Las normas internas del partido fijan la marcha cuando se abre juicio oral

Las palabras de Susana Díaz ponen en un aprieto a los aforados ya que lo previsible es que el Supremo incoe un procedimiento para investigar la gestión de los aforados en el caso de los ERE. La clave que tiene resolver el Supremo es si el uso de las transferencias de financiación (el procedimiento administrativo con el que se pagaban las ayudas sociolaborales) es ilícito. Lo más probable es que los ex altos cargos señalados por la juez Mercedes Alaya acudan voluntariamente a declarar ante el instructor del Supremo en virtud del artículo 118 bis de la Ley de Enjuiciamiento Criminal. Fuentes del Supremo señalaron que este artículo sitúa a los aforados en un “limbo” que les permite declarar voluntariamente como “preimputados” antes de una hipotética inculpación formal, que exige la petición del suplicatorio a las Cámaras.

Varias fuentes del PSOE han calificado de “oportunista” la propuesta de Díaz y han resaltado que “entra en contradicción” con las normas internas. Otros dirigentes han destacado que si los ex altos cargos son imputados por el Supremo o por el Tribunal Superior de Andalucía quedarían “completamente desprotegidos” al verse obligado a perder su escaño.
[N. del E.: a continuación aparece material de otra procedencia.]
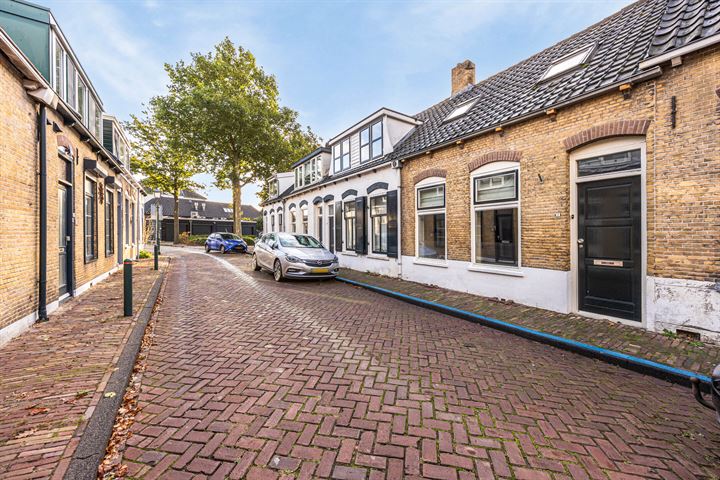 Bekijk foto 2 van Weeshuisstraat 12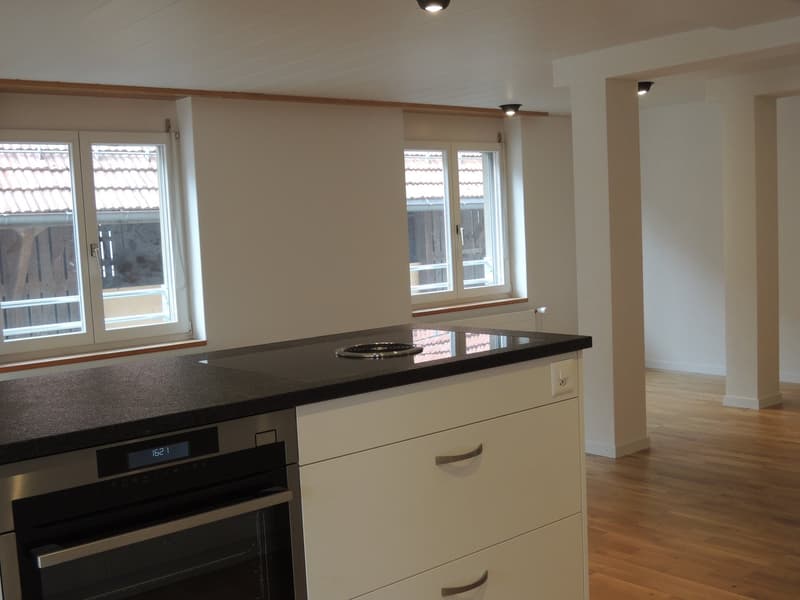 Charmante 2.5-Zimmer-Wohnung mit Balkon in Zollbrück (3)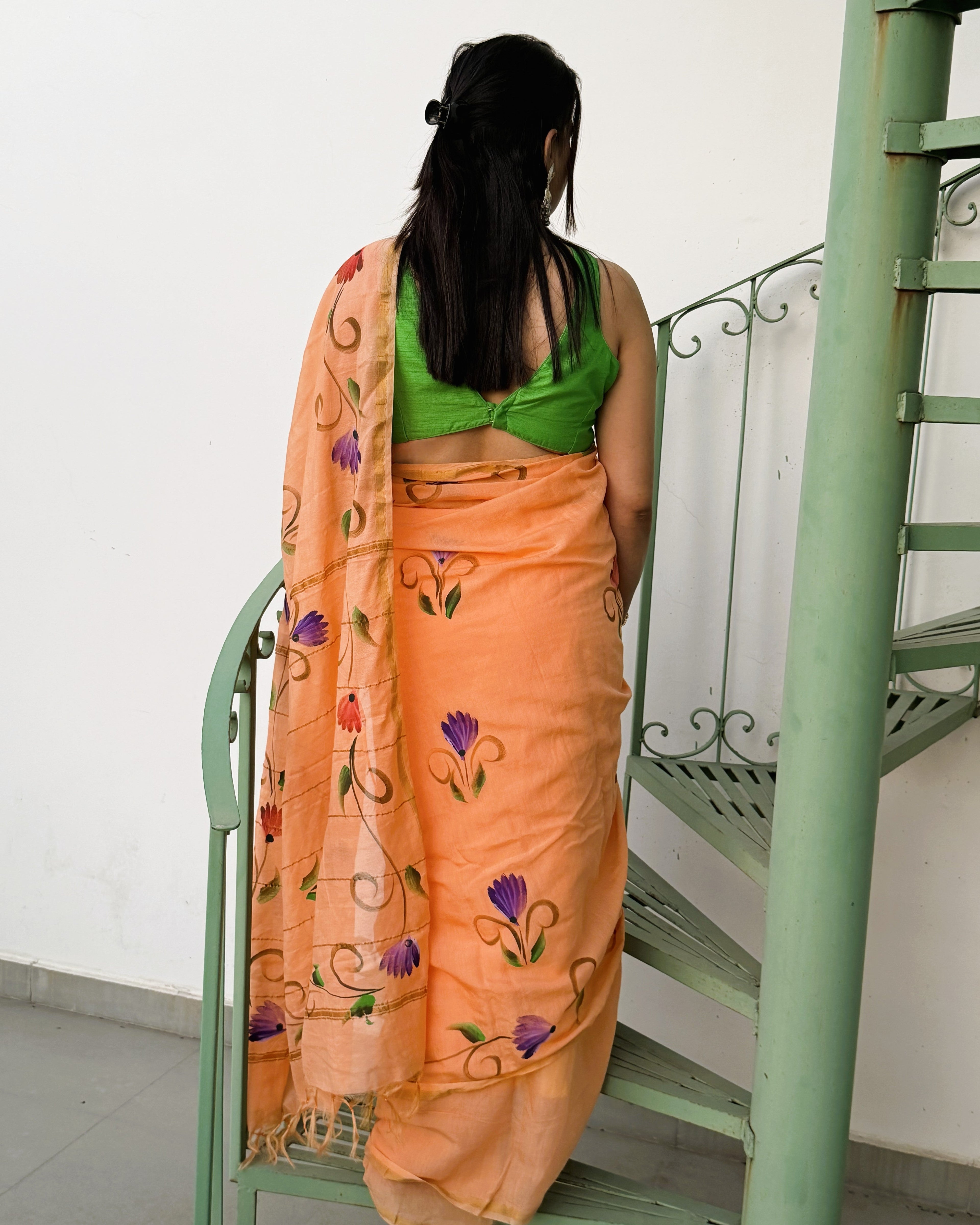 rear view peach handpaint chanderi saree drape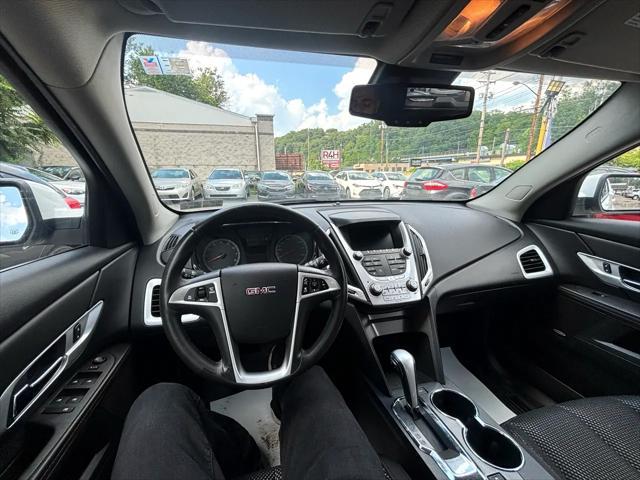 Photo of 2015 Summit White GMC Terrain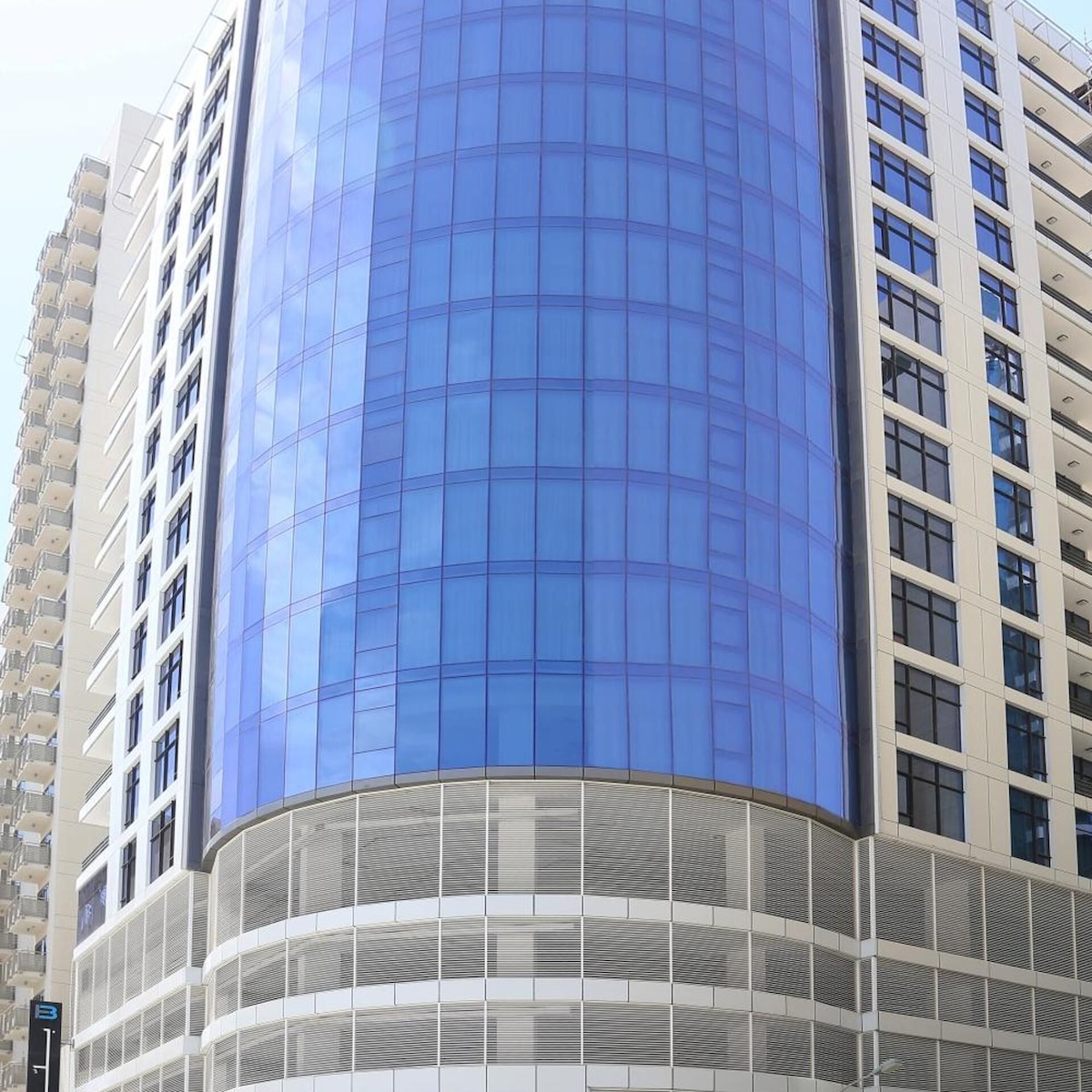 Belle Tower Luxury Hotel Apartments 3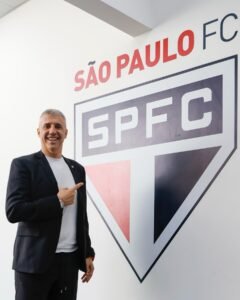 Hernán Crespo no CT do São Paulo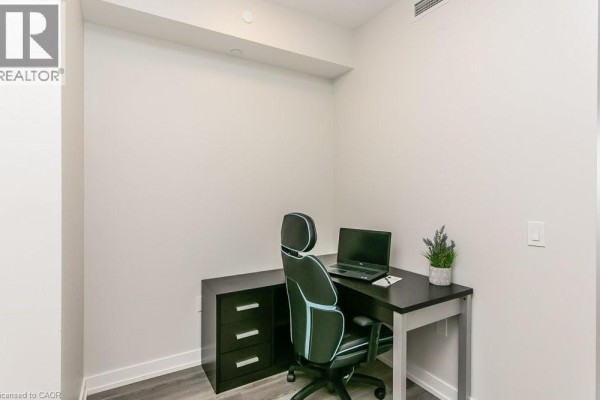 Living room - 5 Wellington Street S Unit# 1607, Kitchener, ON N3H2E6 Photo 4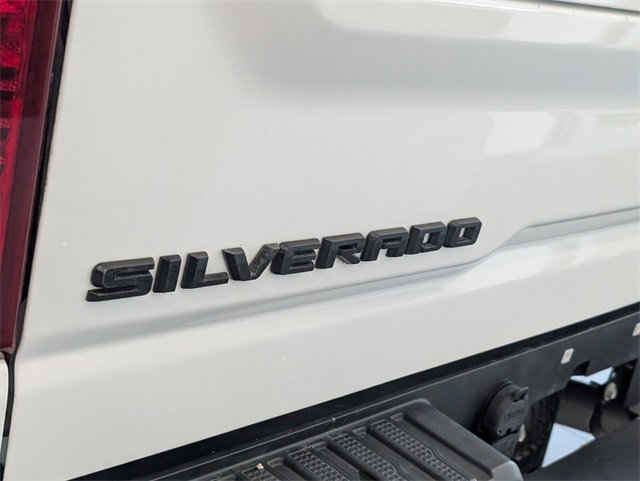 Used 2022 Chevrolet Silverado 2500 Custom w/ Custom Value Package image 11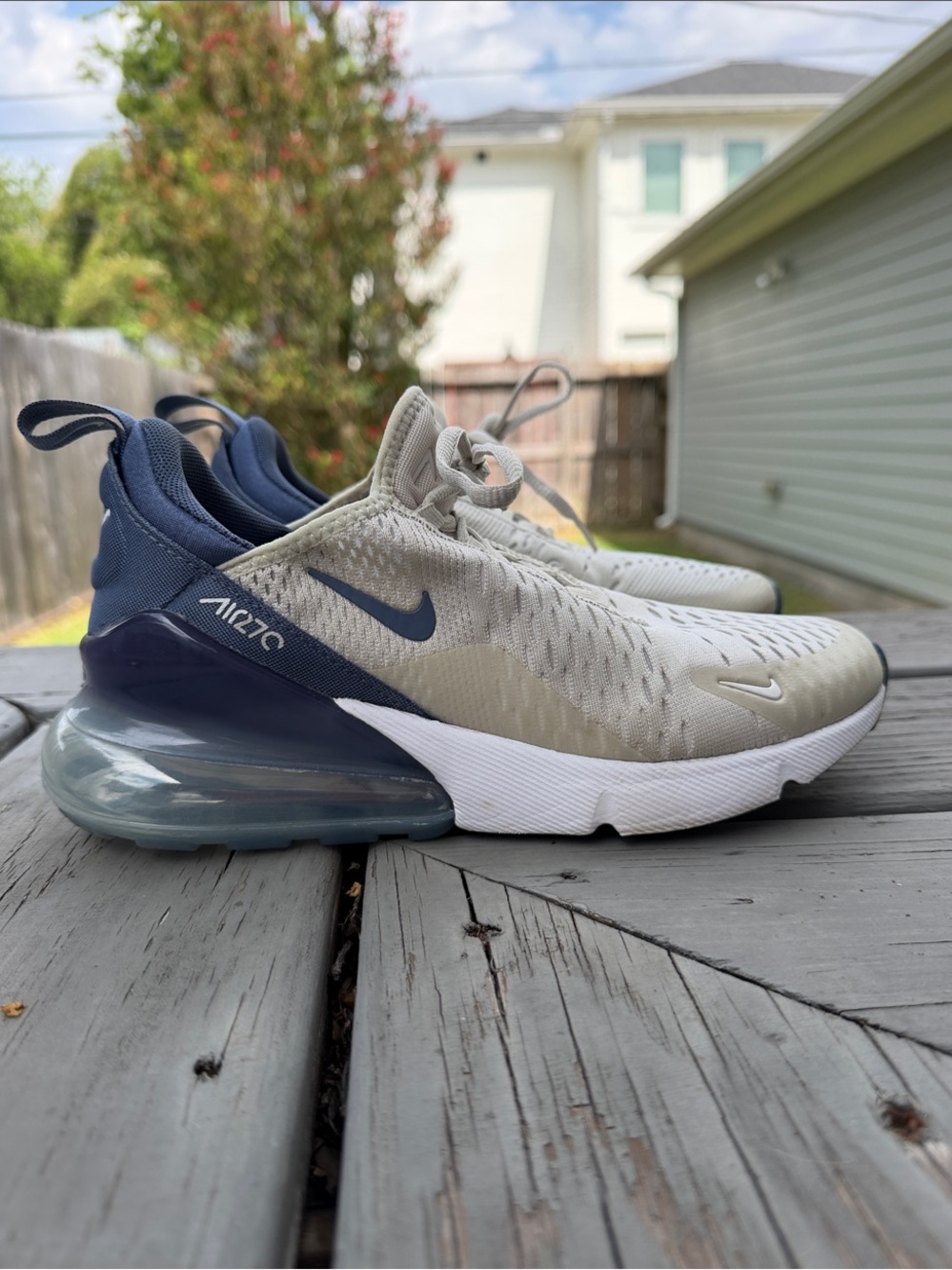 Nike Air Max 270 in Beige and Navy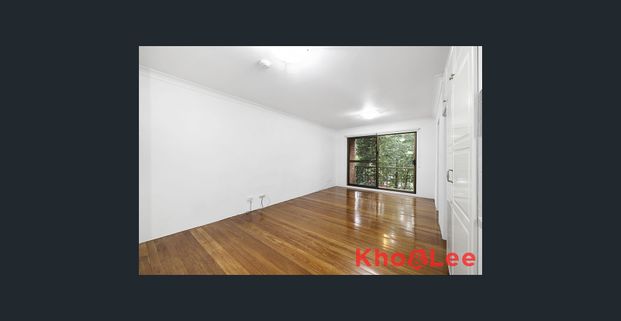 BEAUTIFULLY SPACIOUS ONE BEDROOM IN GREAT LOCATION - Photo 1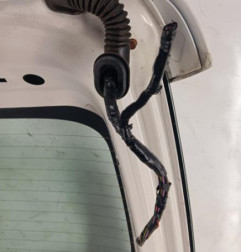 Malle/Hayon arriere FIAT 500L Photo n°6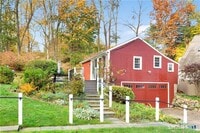 Building Photo - 1 Ridgewood Ln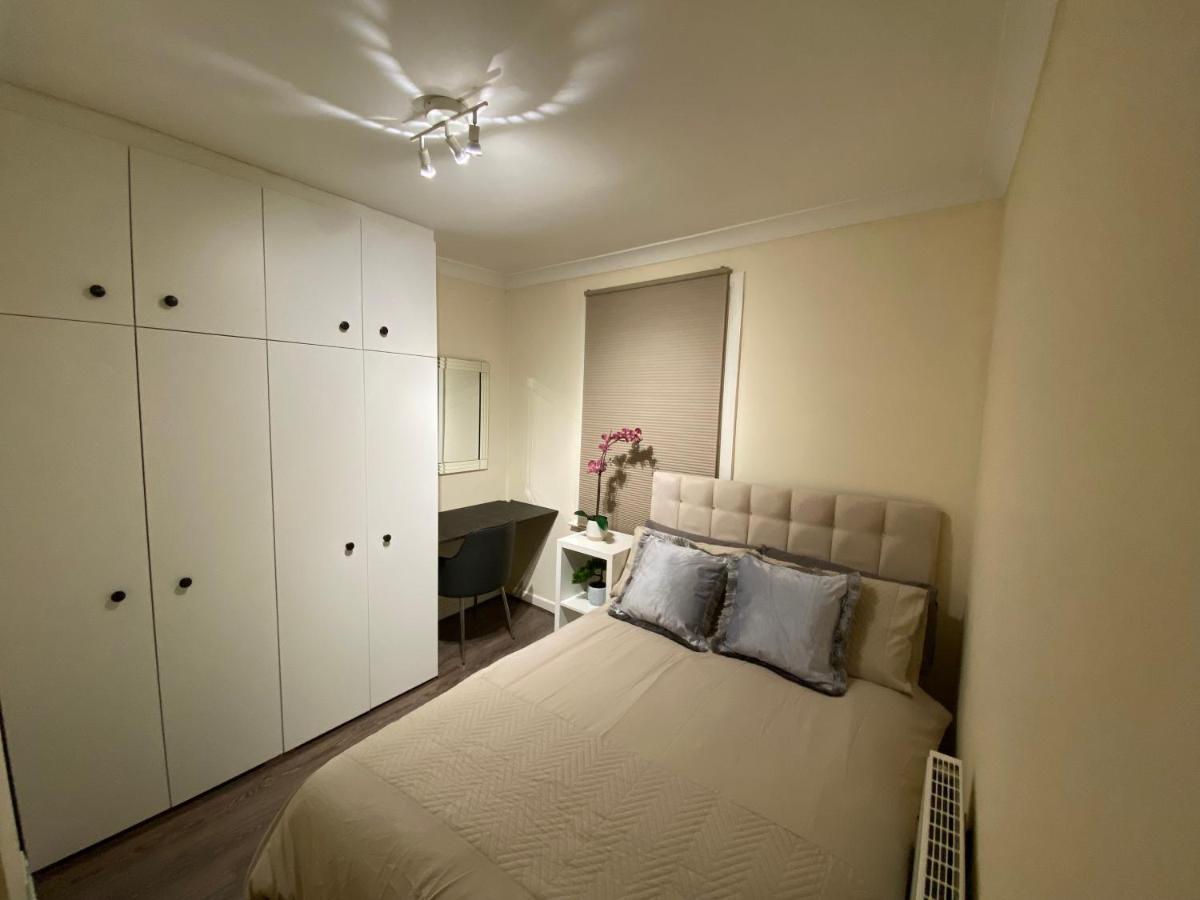 Private Rooms In Excellent Family House ,Zone 2 Londra Exterior foto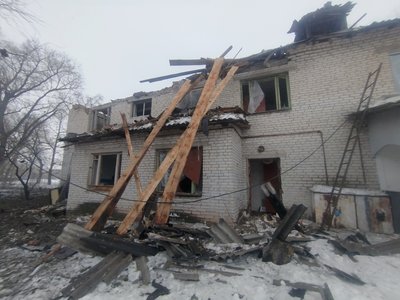 У селі Вовна на Шосткинщині Сумської області війська РФ пошкодили будівлю школи У селі Вовна на Шосткинщині Сумської області війська РФ пошкодили будівлю школи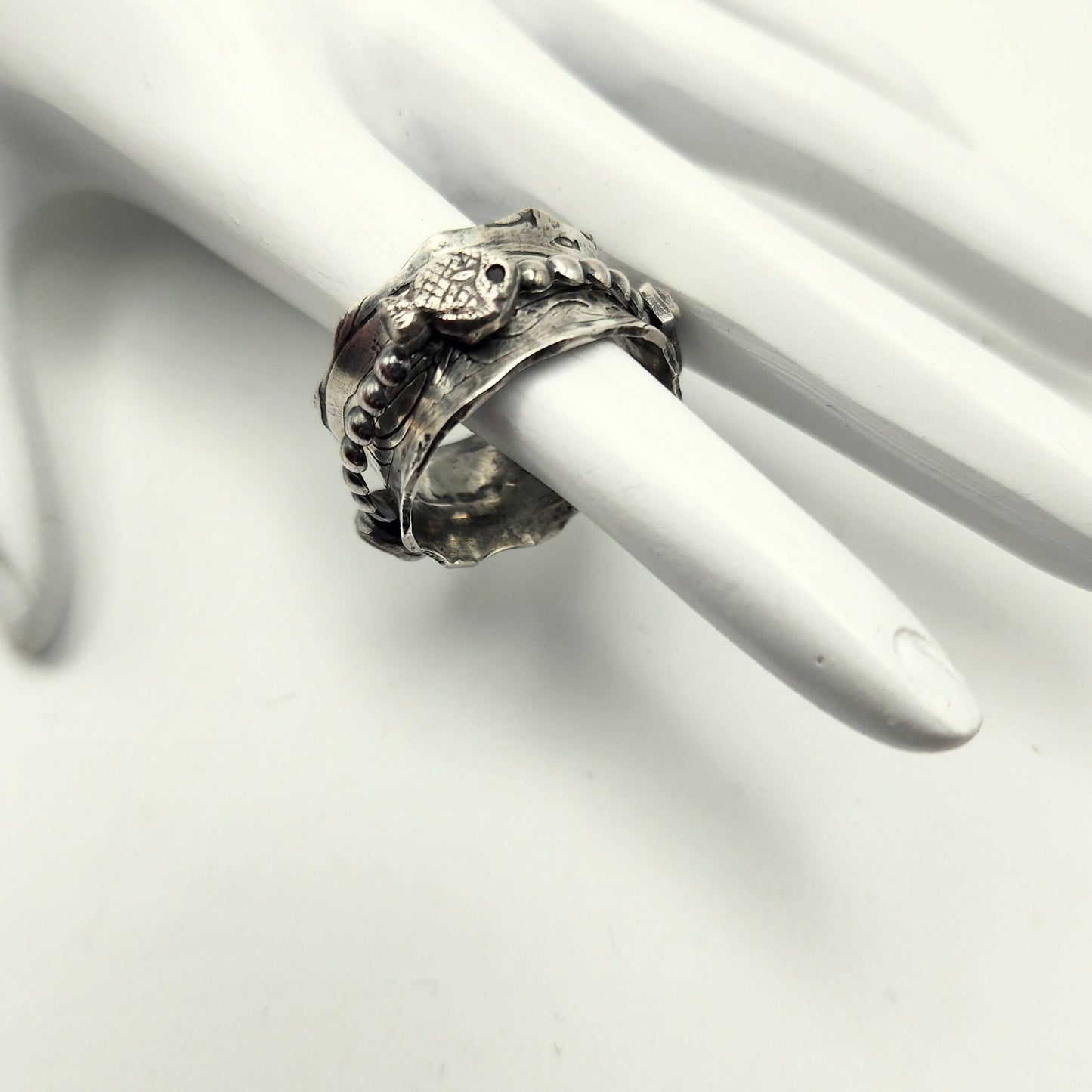 Spinner Ring - Three Fish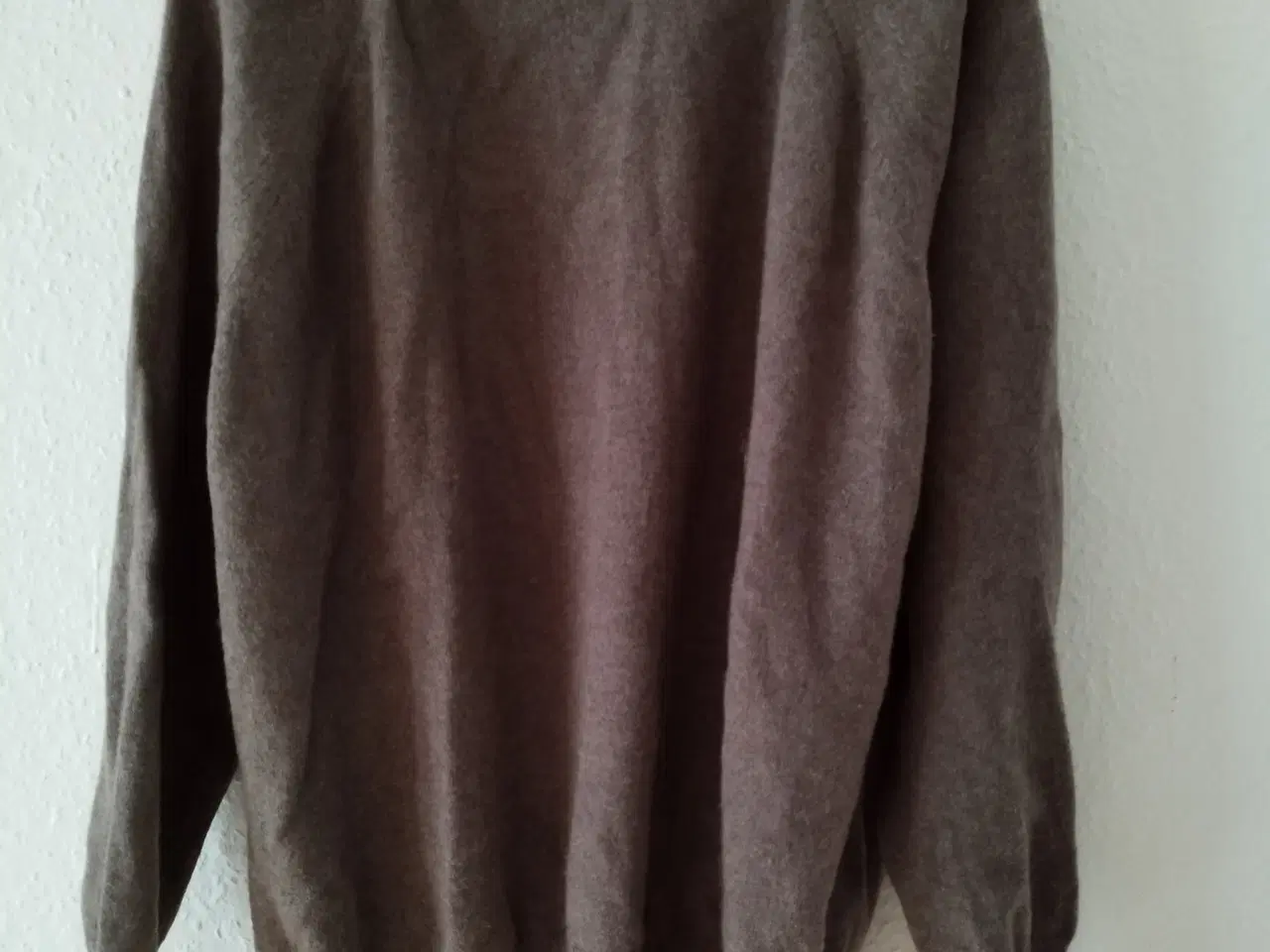 Billede 1 - Lækker sweater i cashmere/uld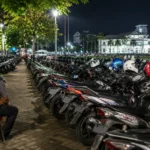 Motor terparkir di kawasan Lapangan Merdeka Medan yang menjadi sorotan setelah terjadi kasus kehilangan kendaraan.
En ese caso, la investigación correspondería íntegra a Alaya. “Un imputado no es un condenado, se está violando el principio de que todo el mundo es inocente hasta que no se demuestre lo contrario”, ha indicado un diputado andaluz.

Fuentes próximas a un ex alto cargo ha señalado que si llega la imputación, no dimitirán y apelarán a las normas federales.